0

I want to write some code that takes a list of items and concatenates them (separated by commas) to long strings, where each string is not longer than a predefined length. For example, for this list:

colors = ['blue','pink','yellow']

and a max len of 10 chars, the output of the code will be:

Long String 0: blue,pink

Long String 1: yellow

I created the following code (below), but its pitfall is cases where the total length of the concatenated items is shorter of the max len allowed, or where it creates one or more long strings and the total len of the concatenation of the residual items in the list is shorter than the max len.

What I'm trying to ask is this: in the following code, how would you "stop" the loop when items run out and yet the concatenation is so short that the "else" clause isn't reached?

Many thanks :)

import pyperclip


# Theoretical bug: when a single item is longer than max_length.
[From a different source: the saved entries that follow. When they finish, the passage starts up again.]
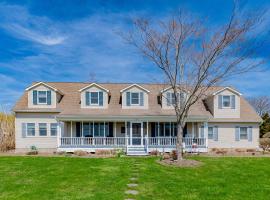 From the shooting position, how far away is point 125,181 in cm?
1067

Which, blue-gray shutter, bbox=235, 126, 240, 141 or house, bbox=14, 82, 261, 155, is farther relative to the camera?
blue-gray shutter, bbox=235, 126, 240, 141

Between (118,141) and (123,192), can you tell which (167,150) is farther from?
(123,192)

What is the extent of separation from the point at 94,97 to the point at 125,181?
1455 cm

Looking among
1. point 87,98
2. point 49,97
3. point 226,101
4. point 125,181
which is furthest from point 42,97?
point 226,101

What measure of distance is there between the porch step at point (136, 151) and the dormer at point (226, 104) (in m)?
8.23

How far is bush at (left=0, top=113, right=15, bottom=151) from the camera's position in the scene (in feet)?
77.5

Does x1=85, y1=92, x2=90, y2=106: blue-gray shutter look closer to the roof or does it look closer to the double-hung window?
the roof

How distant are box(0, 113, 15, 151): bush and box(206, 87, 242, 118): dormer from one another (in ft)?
62.8

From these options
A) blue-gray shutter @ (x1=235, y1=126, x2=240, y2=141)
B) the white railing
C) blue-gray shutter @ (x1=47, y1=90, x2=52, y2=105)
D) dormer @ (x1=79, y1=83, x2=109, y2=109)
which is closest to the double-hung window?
dormer @ (x1=79, y1=83, x2=109, y2=109)

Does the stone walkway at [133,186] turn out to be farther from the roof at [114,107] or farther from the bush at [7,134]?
the bush at [7,134]

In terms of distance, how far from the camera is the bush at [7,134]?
2361 centimetres

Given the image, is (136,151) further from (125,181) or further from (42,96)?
(125,181)

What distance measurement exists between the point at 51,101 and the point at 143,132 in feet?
29.1

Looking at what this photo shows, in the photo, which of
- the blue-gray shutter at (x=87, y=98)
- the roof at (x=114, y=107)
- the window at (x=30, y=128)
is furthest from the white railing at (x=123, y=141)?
the window at (x=30, y=128) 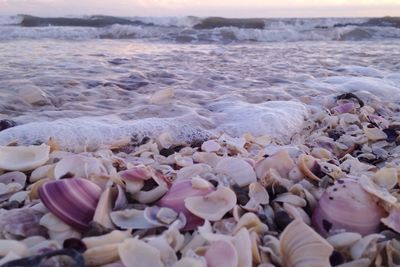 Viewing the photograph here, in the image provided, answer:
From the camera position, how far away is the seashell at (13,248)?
1.25 metres

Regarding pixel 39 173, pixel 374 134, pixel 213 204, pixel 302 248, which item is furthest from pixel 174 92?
pixel 302 248

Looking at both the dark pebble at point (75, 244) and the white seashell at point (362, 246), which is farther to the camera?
the white seashell at point (362, 246)

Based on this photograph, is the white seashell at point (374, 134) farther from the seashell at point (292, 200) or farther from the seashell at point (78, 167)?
the seashell at point (78, 167)

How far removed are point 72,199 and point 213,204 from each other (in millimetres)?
499

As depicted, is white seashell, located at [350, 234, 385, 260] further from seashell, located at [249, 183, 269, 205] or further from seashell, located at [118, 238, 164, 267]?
seashell, located at [118, 238, 164, 267]

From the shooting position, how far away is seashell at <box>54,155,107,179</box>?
1785 millimetres

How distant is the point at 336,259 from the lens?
138 centimetres

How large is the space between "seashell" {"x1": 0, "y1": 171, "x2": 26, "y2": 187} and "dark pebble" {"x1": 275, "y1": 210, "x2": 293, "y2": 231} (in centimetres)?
114

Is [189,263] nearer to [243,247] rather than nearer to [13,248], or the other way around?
[243,247]

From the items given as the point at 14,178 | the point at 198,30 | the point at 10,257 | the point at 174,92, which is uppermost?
the point at 10,257

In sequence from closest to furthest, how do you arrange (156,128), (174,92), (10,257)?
1. (10,257)
2. (156,128)
3. (174,92)

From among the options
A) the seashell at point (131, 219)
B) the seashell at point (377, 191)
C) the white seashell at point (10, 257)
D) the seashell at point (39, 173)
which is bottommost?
the seashell at point (39, 173)

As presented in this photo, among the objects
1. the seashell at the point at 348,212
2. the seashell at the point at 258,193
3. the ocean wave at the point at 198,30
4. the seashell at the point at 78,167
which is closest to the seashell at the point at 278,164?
the seashell at the point at 258,193

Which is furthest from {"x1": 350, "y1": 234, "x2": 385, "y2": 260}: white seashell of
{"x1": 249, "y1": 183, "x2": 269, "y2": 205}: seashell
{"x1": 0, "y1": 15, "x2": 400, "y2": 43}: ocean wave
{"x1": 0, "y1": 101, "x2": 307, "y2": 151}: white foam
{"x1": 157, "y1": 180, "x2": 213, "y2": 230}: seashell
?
{"x1": 0, "y1": 15, "x2": 400, "y2": 43}: ocean wave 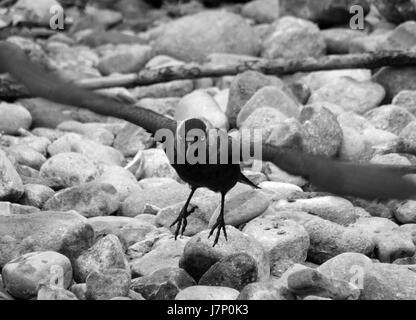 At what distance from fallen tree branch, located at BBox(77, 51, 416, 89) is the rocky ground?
156 mm

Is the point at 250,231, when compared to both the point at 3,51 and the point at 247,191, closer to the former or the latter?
the point at 247,191

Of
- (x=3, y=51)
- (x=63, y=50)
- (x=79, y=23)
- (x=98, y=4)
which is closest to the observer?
(x=3, y=51)

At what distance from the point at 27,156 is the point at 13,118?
39.3 inches

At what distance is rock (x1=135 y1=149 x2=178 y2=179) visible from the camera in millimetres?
7523

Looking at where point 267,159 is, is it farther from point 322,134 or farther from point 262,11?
point 262,11

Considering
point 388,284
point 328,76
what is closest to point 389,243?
point 388,284

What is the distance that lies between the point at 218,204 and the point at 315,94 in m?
3.27

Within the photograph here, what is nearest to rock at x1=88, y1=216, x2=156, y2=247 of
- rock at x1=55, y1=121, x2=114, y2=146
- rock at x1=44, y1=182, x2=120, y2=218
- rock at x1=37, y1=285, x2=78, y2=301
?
rock at x1=44, y1=182, x2=120, y2=218

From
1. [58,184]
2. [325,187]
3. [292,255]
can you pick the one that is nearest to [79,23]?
[58,184]

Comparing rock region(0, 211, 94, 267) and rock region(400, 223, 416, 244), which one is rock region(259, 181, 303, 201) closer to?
rock region(400, 223, 416, 244)

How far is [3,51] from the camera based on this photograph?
5.36 m

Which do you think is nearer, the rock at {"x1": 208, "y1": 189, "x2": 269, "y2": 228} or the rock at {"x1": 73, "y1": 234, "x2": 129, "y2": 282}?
the rock at {"x1": 73, "y1": 234, "x2": 129, "y2": 282}

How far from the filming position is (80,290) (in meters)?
4.96

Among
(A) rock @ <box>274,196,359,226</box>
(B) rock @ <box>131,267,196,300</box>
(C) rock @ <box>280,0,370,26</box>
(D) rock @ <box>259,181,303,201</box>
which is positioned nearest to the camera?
(B) rock @ <box>131,267,196,300</box> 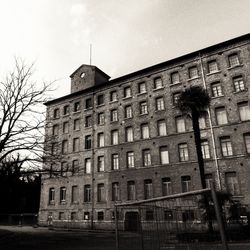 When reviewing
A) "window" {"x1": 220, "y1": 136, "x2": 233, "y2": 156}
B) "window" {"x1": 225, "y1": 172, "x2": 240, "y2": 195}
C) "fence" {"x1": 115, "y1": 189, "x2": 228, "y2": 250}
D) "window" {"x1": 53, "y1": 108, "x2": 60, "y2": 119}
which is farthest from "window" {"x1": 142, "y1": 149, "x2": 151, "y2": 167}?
"fence" {"x1": 115, "y1": 189, "x2": 228, "y2": 250}

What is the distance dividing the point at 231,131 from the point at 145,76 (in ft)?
39.6

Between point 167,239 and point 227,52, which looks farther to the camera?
point 227,52

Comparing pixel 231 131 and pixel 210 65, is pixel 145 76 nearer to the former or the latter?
pixel 210 65

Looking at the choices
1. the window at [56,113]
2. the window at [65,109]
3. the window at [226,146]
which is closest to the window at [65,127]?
the window at [65,109]

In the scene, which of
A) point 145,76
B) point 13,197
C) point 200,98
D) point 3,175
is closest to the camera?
point 3,175

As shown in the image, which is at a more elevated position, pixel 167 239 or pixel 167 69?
pixel 167 69

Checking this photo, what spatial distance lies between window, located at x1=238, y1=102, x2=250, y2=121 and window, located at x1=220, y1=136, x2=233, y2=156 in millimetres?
2307

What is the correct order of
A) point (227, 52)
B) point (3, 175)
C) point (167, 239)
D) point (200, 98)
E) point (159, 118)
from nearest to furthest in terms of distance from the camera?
point (167, 239) → point (3, 175) → point (200, 98) → point (227, 52) → point (159, 118)

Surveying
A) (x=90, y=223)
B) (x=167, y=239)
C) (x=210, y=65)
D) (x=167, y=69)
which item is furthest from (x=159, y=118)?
(x=167, y=239)

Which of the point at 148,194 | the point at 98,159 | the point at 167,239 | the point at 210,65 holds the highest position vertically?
the point at 210,65

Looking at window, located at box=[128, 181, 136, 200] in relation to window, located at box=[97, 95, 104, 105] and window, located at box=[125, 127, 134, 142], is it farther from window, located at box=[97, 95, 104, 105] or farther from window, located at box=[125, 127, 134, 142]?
window, located at box=[97, 95, 104, 105]

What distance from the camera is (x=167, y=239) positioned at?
6156mm

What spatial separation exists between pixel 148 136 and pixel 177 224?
79.8 ft

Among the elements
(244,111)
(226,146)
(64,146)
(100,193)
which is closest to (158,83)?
(244,111) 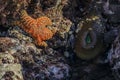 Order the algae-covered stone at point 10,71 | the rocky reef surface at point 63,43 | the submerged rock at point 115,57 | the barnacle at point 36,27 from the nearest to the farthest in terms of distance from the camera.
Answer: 1. the algae-covered stone at point 10,71
2. the submerged rock at point 115,57
3. the rocky reef surface at point 63,43
4. the barnacle at point 36,27

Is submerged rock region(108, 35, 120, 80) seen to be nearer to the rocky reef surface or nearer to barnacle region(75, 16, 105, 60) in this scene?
the rocky reef surface

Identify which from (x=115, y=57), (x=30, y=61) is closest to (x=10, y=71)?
(x=30, y=61)

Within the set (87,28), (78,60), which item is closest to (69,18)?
(87,28)

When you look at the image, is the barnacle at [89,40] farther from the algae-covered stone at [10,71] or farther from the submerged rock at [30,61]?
the algae-covered stone at [10,71]

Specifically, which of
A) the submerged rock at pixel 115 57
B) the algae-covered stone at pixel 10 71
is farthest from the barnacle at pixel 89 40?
the algae-covered stone at pixel 10 71

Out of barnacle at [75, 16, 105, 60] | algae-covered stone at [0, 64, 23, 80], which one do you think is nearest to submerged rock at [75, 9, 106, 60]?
barnacle at [75, 16, 105, 60]

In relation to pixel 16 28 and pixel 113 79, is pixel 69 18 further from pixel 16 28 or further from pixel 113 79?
pixel 113 79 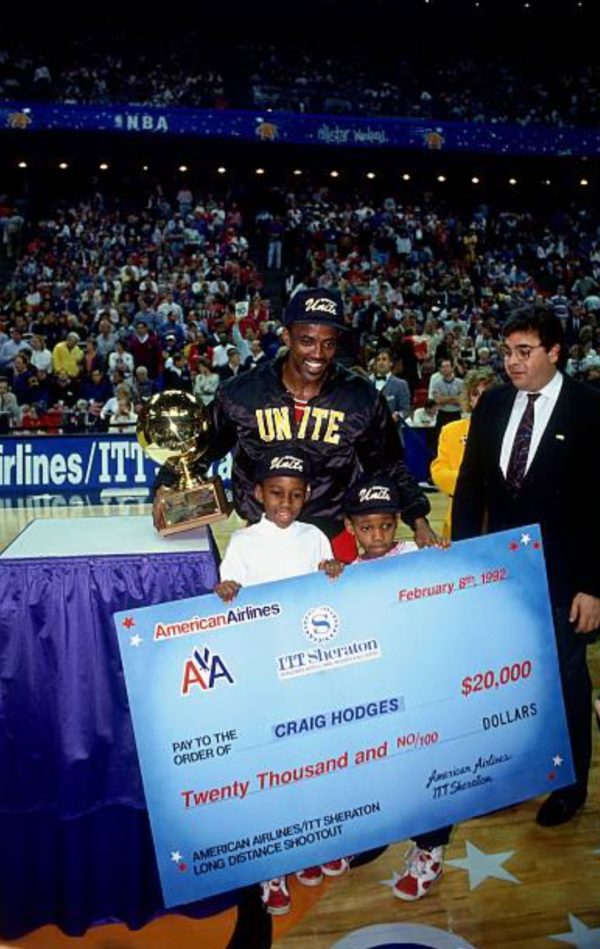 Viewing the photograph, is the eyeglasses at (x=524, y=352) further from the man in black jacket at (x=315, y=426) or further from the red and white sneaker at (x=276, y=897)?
the red and white sneaker at (x=276, y=897)

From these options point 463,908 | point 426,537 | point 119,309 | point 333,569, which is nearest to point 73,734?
point 333,569

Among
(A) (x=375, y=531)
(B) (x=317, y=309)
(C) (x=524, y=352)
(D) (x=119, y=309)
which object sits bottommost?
(A) (x=375, y=531)

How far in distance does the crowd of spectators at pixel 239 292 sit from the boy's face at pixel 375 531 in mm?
7388

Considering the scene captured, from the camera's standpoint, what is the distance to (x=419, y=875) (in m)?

Will never happen for the intended use of this code.




raw_list = pyperclip.paste()

split_list = raw_list.split()

unique_items_list = list(set(split_list))                                       # notice that set are unordered collections, and the original order is not maintained. Not crucial for the purpose of this code the way it is now, but good remembering. See more: http://stackoverflow.com/a/7961390/2594546


print "There are %d items in the list." % len(split_list)
print "There are %d unique items in the list." % len(unique_items_list)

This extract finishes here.